* [What you need to do] Lines before the one containing "Image of Epyz" are not wanted; restate the rest below word for word, through the last line, but drop any pictures.

##### Data below #####

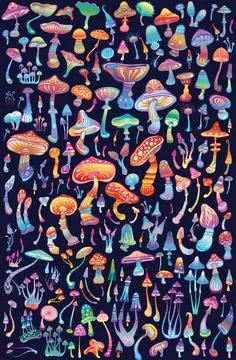 Set of Magic mushrooms of various shape Stock Illustration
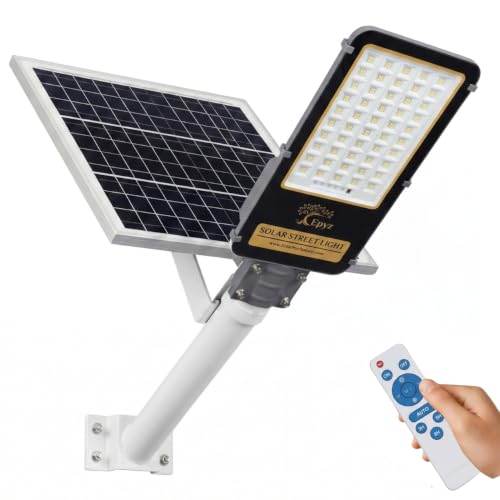 Image of Epyz 100 Watt Semi-Integrated Solar Street Light Aluminium Body Outdoor with Remote and Dusk to Dawn for Garden, Street, Lawn [ 200LED, 25000mAh, Pack of 1, Cold White Light ]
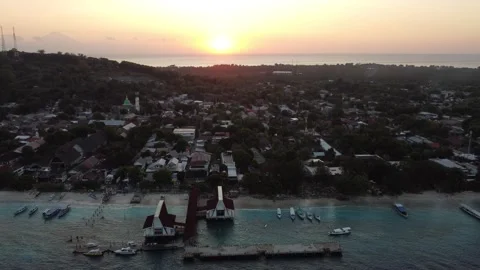 Golden sunset hover Stock Footage 329713584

#####

* [Exercise result]
 Image of Epyz 100 Watt Semi-Integrated Solar Street Light Aluminium Body Outdoor with Remote and Dusk to Dawn for Garden, Street, Lawn [ 200LED, 25000mAh, Pack of 1, Cold White Light ]
 Golden sunset hover Stock Footage 329713584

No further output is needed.